Três Mulheres

20/09/97

É uma cidade feia. Não está longe o suficiente de um grande centro para ter cara de cidade do interior nem perto, para ser satélite na região metropolitana. Ficou mais perto, com novas estradas e veículos mais velozes, mas ainda está longe para virar mero prolongamento. Ficou feia, híbrida - não é, nem deixa de ser. Tem grandes agências de bancos e grandes sítios que produzem verduras e ovos para a metrópole. Tem ruas estreitas e mal calçadas, com muitos calombos para evitar o abuso de velocidade dos motoristas. As calçadas são muito estreitas, e as pessoas se espremem quando passam umas pelas outras. Há uma rua na cumeeira do morro, mais ou menos plana. As outras todas descem por uma ou outra vertente e são sempre ladeiras. Não há uma grande praça; somente, diante da feia igreja, um alargamento, como um mirante, de onde se vê a estrada, os morros distantes e mais.

A mulher atravessou a rua principal no mesmo intervalo do fluxo de carros, produzido pelas sucessivas lombadas, já que não existem sinais luminosos por ali. Trazia, pela mão, uma criança que ainda não devia ter três anos. A mulher, aparentava certa idade e tinha a pele muito clara. A menina - pois parecia uma menina a criança - ao contrário, tinha uma bela cor morena, uma enorme chupeta na boca e, amarrado à chupeta, um longo pano - pareceu-me uma dessas antigas fraldas, que supunha já não existirem mais - que caia de um lado e de outro, com as pontas na altura dos joelhos. Vinha quase arrastada, pois a mulher andava mais rápido do que conseguiam as perninhas da menina. Ela me viu e passou a olhar-me com toda atenção. Passaram e a menina virou-se para continuar a me olhar.

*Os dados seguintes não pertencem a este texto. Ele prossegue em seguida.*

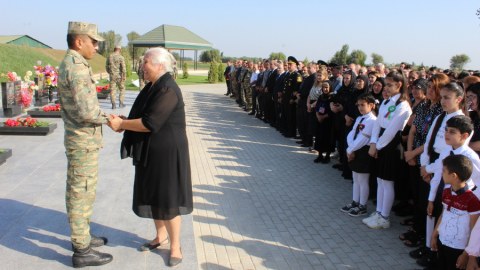Şəhidlərin xatirəsi yad edilib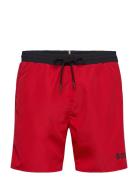 Starfish Uimashortsit Red BOSS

Olhava no rosto. Era o meu olhar também, é óbvio, que a interessava. Não me olhou de alto a baixo, como faria um adulto. Nem viu nem daria importância ao fato de eu também calçar sandálias havaianas, como a mulher que a levava pela mão. Olhava intensamente e não mudava sua expressão, apenas olhava. E eu olhava também. Diminuí meus passos, para criar uma certa distância, já que seguíamos na mesma direção e a menina andava para frente e olhava para trás. Aí acenei. Ela acenou de volta e abriu um imenso sorriso, pela primeira vez, atrás da chupeta. Continuou a andar e a olhar para mim. Sorria. Depois do primeiro, olhava e sorria, como uma luz. De vez em quando, acenava e eu respondia com outro aceno. Parei ao lado de um pequeno ipê, todo amarelo de flor. Elas pararam um instante para conversar com outra mulher, que vinha ladeira a cima. Já havia uma boa distância entre nós.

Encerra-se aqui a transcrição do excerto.